BEGIN
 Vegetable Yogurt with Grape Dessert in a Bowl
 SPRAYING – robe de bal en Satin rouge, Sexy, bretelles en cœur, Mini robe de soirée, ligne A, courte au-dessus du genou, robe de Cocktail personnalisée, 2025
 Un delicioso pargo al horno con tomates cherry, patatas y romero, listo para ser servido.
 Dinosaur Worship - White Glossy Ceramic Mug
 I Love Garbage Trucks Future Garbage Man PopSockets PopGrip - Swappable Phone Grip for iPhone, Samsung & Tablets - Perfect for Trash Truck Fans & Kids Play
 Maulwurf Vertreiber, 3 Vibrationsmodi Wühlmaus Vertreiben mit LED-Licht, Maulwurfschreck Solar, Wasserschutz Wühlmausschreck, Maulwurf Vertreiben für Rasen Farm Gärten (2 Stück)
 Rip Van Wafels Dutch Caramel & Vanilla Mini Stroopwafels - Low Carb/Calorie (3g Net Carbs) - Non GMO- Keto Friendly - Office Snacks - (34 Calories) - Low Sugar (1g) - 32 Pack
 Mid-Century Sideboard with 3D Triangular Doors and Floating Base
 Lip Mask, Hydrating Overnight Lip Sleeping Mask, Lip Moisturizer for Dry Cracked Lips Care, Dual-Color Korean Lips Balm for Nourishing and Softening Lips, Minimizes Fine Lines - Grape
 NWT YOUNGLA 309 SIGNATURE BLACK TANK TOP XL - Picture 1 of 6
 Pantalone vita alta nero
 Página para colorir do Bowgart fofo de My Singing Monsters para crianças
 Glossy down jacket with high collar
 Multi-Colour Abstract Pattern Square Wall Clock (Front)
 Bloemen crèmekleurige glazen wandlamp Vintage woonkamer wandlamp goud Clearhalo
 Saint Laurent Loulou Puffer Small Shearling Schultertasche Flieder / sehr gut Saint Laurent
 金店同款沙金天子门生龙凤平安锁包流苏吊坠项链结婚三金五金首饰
END
# EXERCISE REQUIREMENTS:
Look above for the line holding "Lip Mask, Hydrating", then set down exactly that line and every line after it up to and including the line holding "Pantalone vita alta nero", with nothing else.

# WRITTEN SOLUTION:
 Lip Mask, Hydrating Overnight Lip Sleeping Mask, Lip Moisturizer for Dry Cracked Lips Care, Dual-Color Korean Lips Balm for Nourishing and Softening Lips, Minimizes Fine Lines - Grape
 NWT YOUNGLA 309 SIGNATURE BLACK TANK TOP XL - Picture 1 of 6
 Pantalone vita alta nero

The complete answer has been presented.